Shaw Stadium
- Interactive map of Shaw Stadium
- Address: 14305 Shaw Ave. East Cleveland, Ohio 44112
- Coordinates: 41°32′27″N 81°35′00″W﻿ / ﻿41.5409°N 81.5832°W
- Owner: East Cleveland City Schools

Construction
- Opened: 1923

Tenants
- Cleveland Rams (NFL) 1938 Case Tech Rough Riders (NCAA) 1939–1952 Western Reserve Red Cats (NCAA) 1942, 1946, 1950 Shaw Cardinals (OHSAA) 1923–present

= Shaw Stadium =

Sports venue in Cleveland, Ohio, United States

Shaw Stadium is a stadium in East Cleveland, Ohio, United States, mainly used for high school football. The stadium was built in 1923 and is home to the Shaw High School Cardinals football team and marching band.

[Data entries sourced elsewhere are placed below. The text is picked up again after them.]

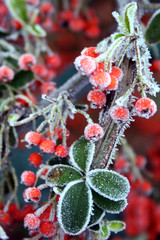 firethorn pyracantha in winter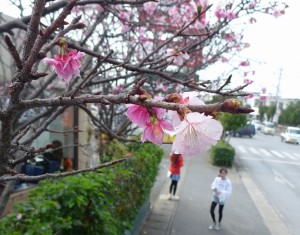 ヒカンザクラの美しい花たちが行き交う人々やドライバーに春の訪れを感じさせていた＝１８日、市内
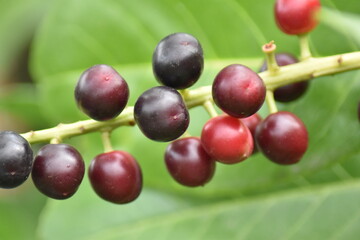 Reife und unreife Früchte - Kirschlorbeer (Prunus laurocerasus)
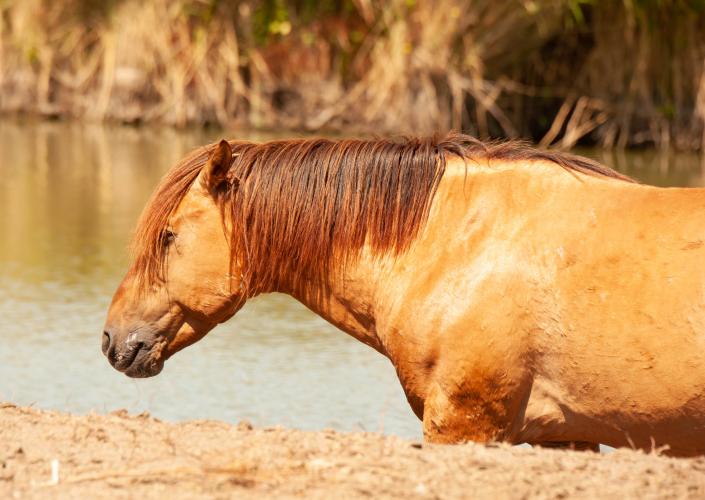 Animal Rights, OVP, Oostvaardersplassen, grote grazers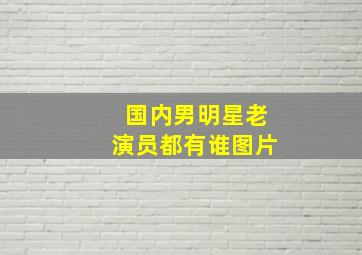 国内男明星老演员都有谁图片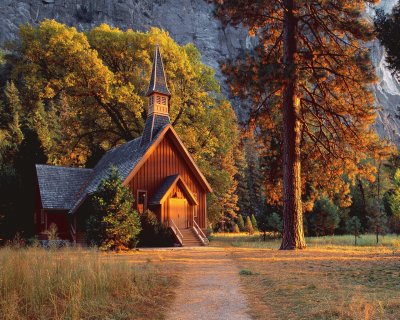 natural church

In 1938, the Cleveland Rams of the National Football League (NFL) played three of their four home games at Shaw, winning two and losing one. The Rams earned their first home NFL victory in franchise history with a defeat of the Detroit Lions, followed by a win over the Chicago Bears.

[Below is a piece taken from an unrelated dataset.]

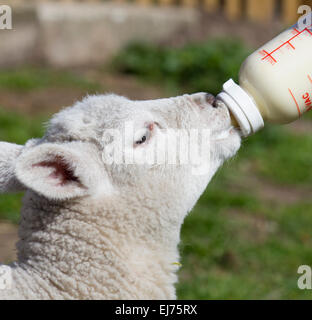 Alimentation à partir de l'agneau de printemps une bouteille de lait Banque D'Images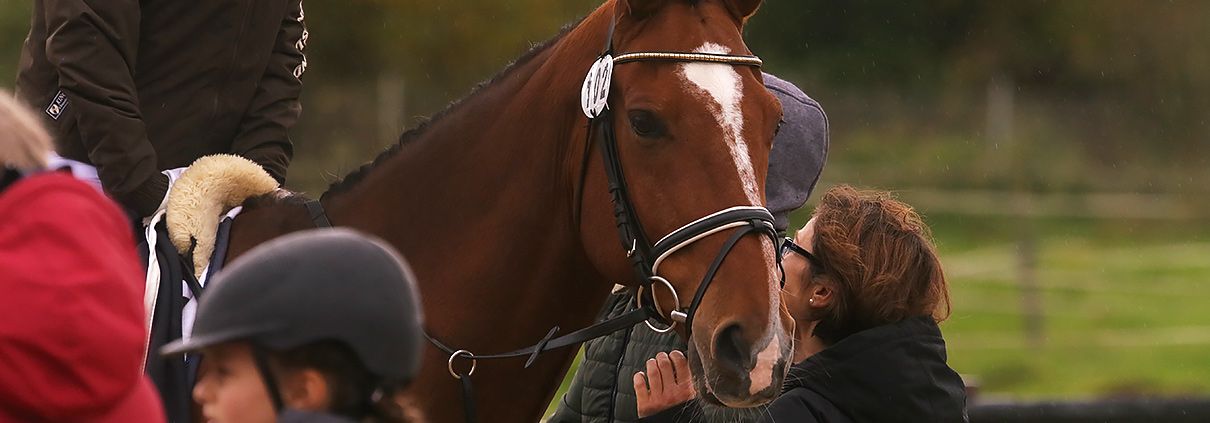 steinmuehle-header-reitsport Reiten AG Steinmühle Marburg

Both Case Institute of Technology and Western Reserve University, which later merged to create Case Western Reserve University, used Shaw Stadium at various times for their home football field. The Case Tech Rough Riders used Shaw for home football games from 1939 to 1952. Case had previously played at Shaw in the 1920s for games against rival Western Reserve, who were known as the Pioneers at the time, playing there in 1923, 1925, and 1926. Western Reserve University, later known as the Western Reserve Red Cats, held occasional games at Shaw, but used it as their home field for the 1942, 1946, and 1950 seasons.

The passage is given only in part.